TASK DIRECTIONS: Please retype the listing below exactly as it stands, skipping any pictures.

EXTRACTED ENTRIES:
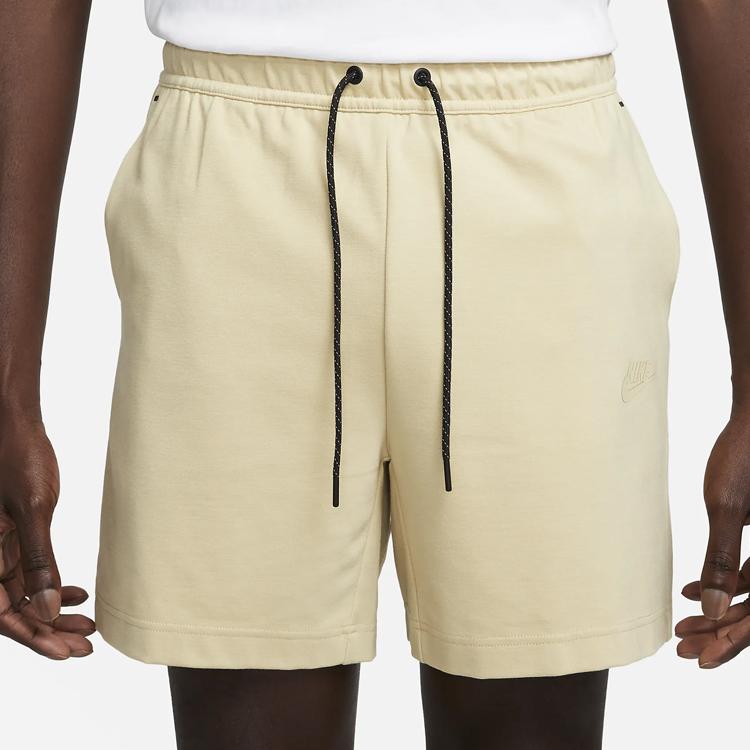 Nike Tech Fleece Lightweight Solid Color Drawstring Straight Leg Shorts Men shorts Yellow DX0828-783
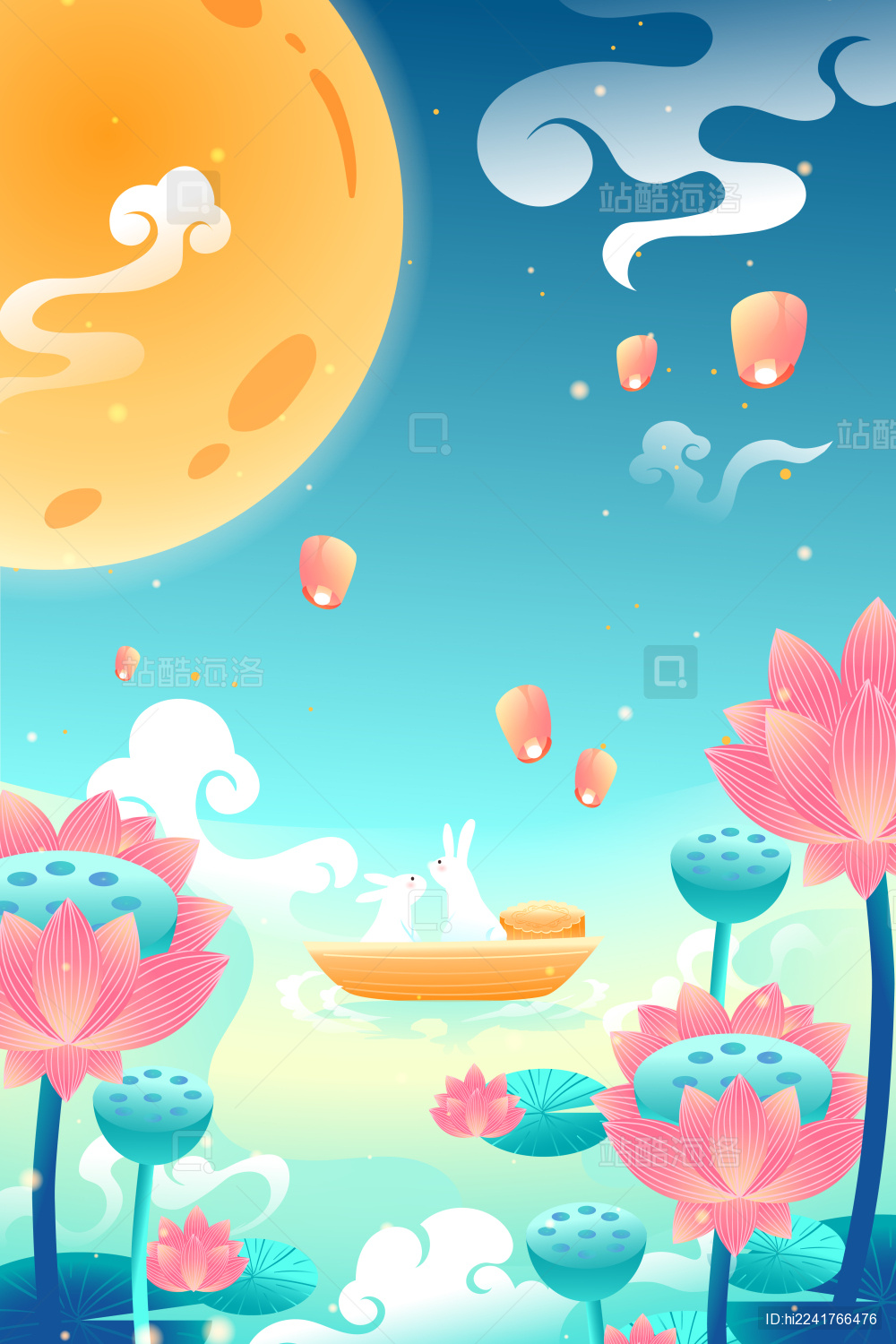 中秋节兔子矢量插画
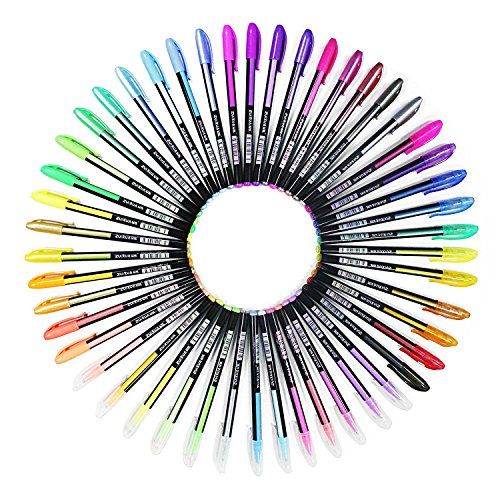 Ciaoed Set di 48 Penne Gel Glitter Multicolore Colorate Roller per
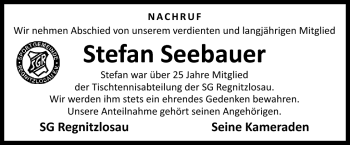 Traueranzeige von Stefan Seebauer von Frankenpost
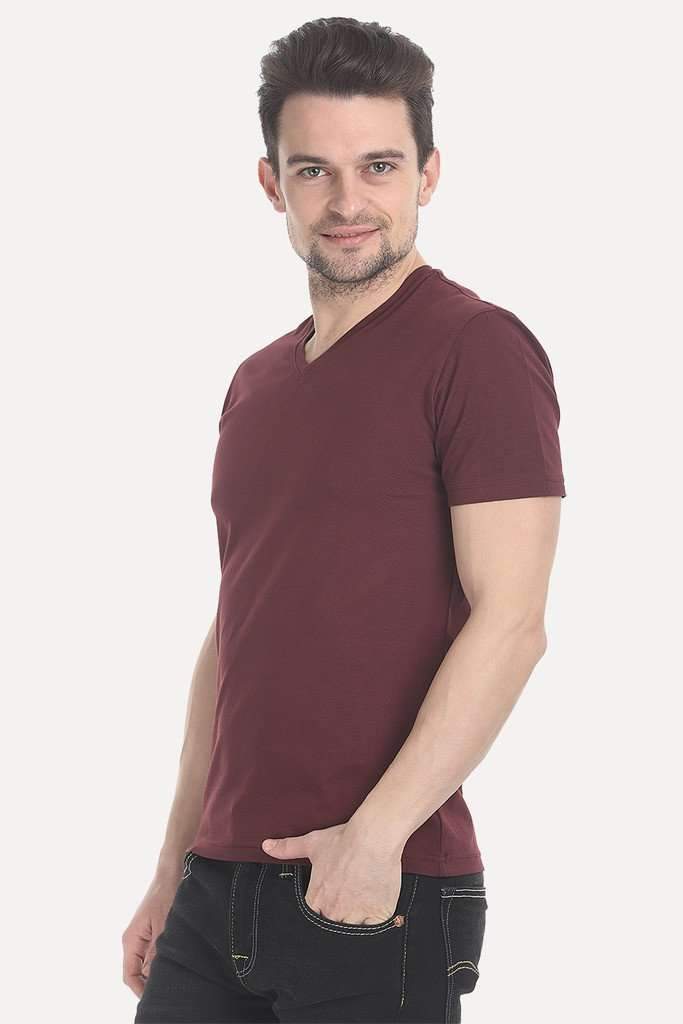 V Neck Slight Stretch Solid T- Shirt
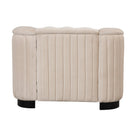 Modern Velvet Upholstered 3-Piece Sofa Set with Rubber Wood Legs in Beige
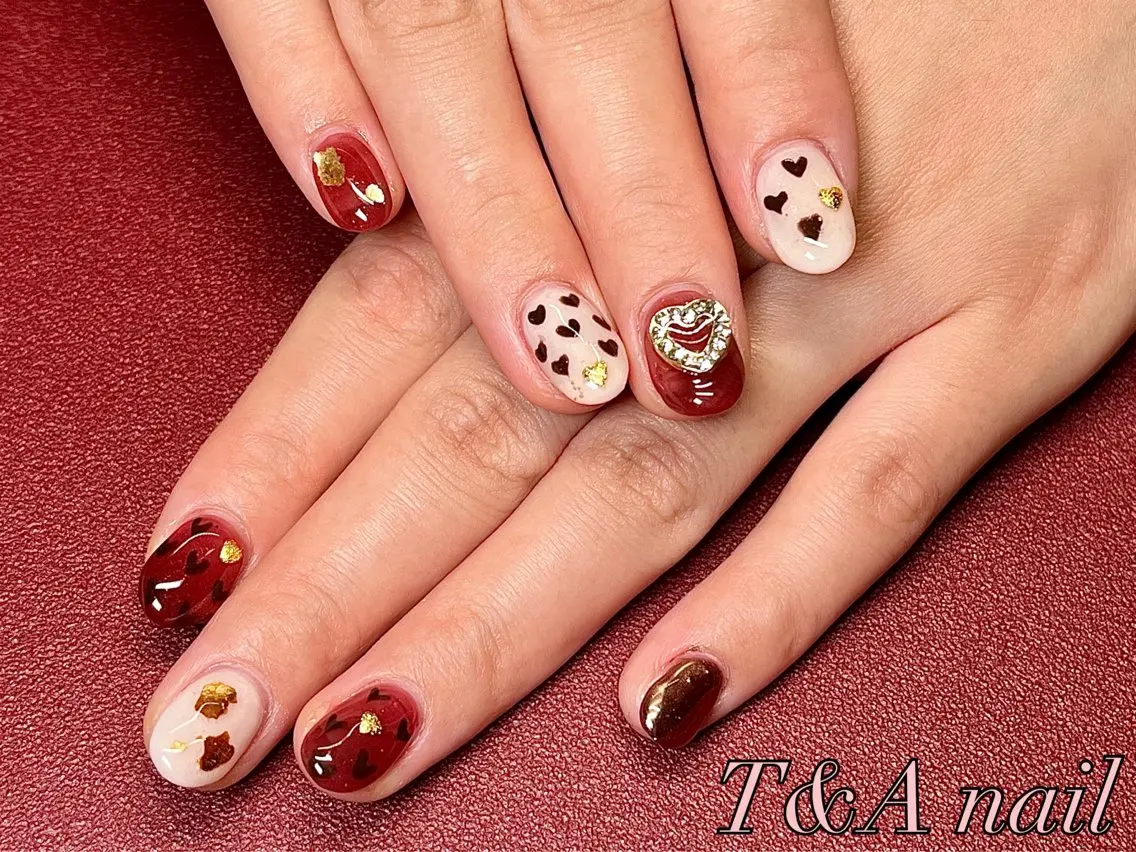ネイル 長さ出し ジェルネイル ハート ニュアンスネイル スカルプネイル T&A nailのネイルデザイン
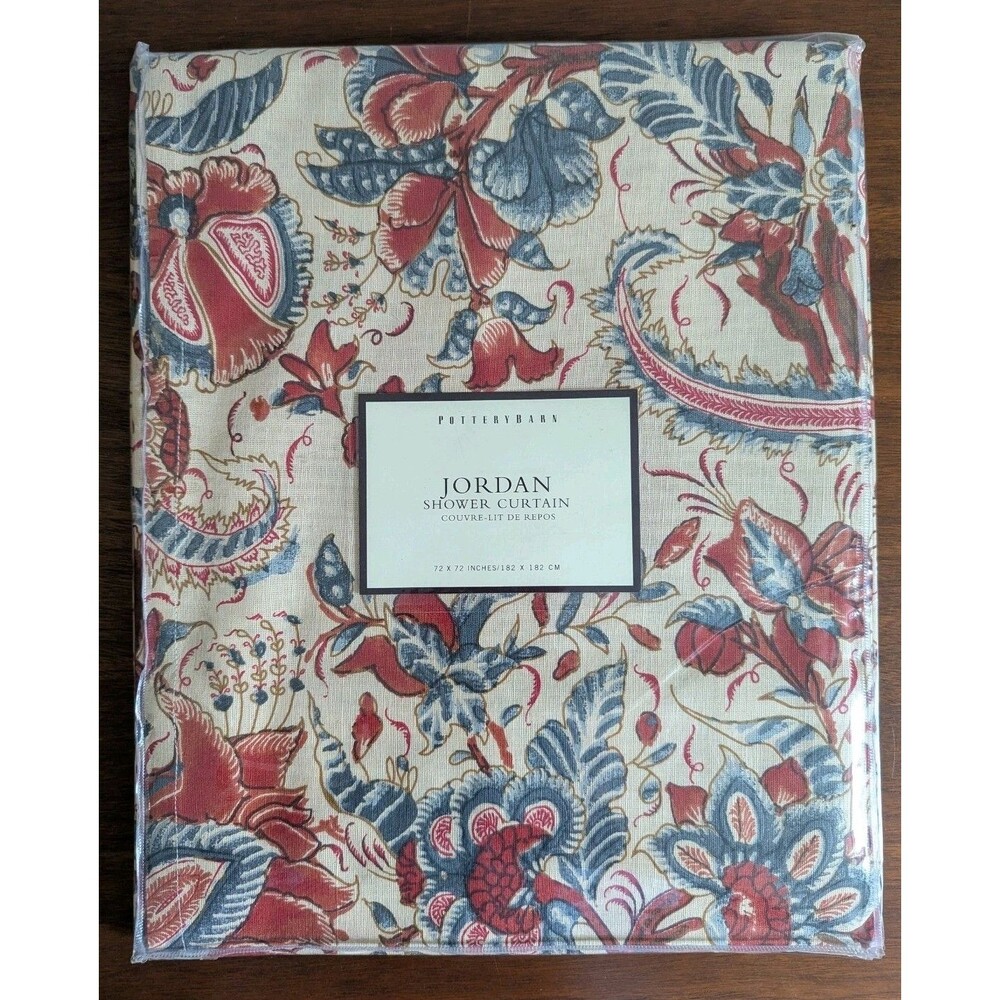 NEW Pottery Barn Jordan Palampore Floral Linen Blend Shower Curtain Rare 72x72"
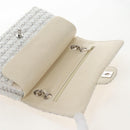 CHANEL Matelasse 25 Double Flap Chain Bag Tweed White Silver Auth BA16596SM-15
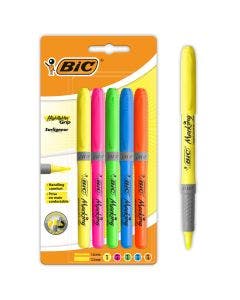 Verschiedene Farben BIC Highlighter Grip Decor Textmarker mit Keilspitze 5er Pack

ANSWER TO THIS TASK:
 Nike Tech Fleece Lightweight Solid Color Drawstring Straight Leg Shorts Men shorts Yellow DX0828-783
 中秋节兔子矢量插画
 Ciaoed Set di 48 Penne Gel Glitter Multicolore Colorate Roller per
 Traueranzeige von Stefan Seebauer von Frankenpost
 V Neck Slight Stretch Solid T- Shirt
 Modern Velvet Upholstered 3-Piece Sofa Set with Rubber Wood Legs in Beige
ネイル 長さ出し ジェルネイル ハート ニュアンスネイル スカルプネイル T&A nailのネイルデザイン
 NEW Pottery Barn Jordan Palampore Floral Linen Blend Shower Curtain Rare 72x72"
 CHANEL Matelasse 25 Double Flap Chain Bag Tweed White Silver Auth BA16596SM-15
 Verschiedene Farben BIC Highlighter Grip Decor Textmarker mit Keilspitze 5er Pack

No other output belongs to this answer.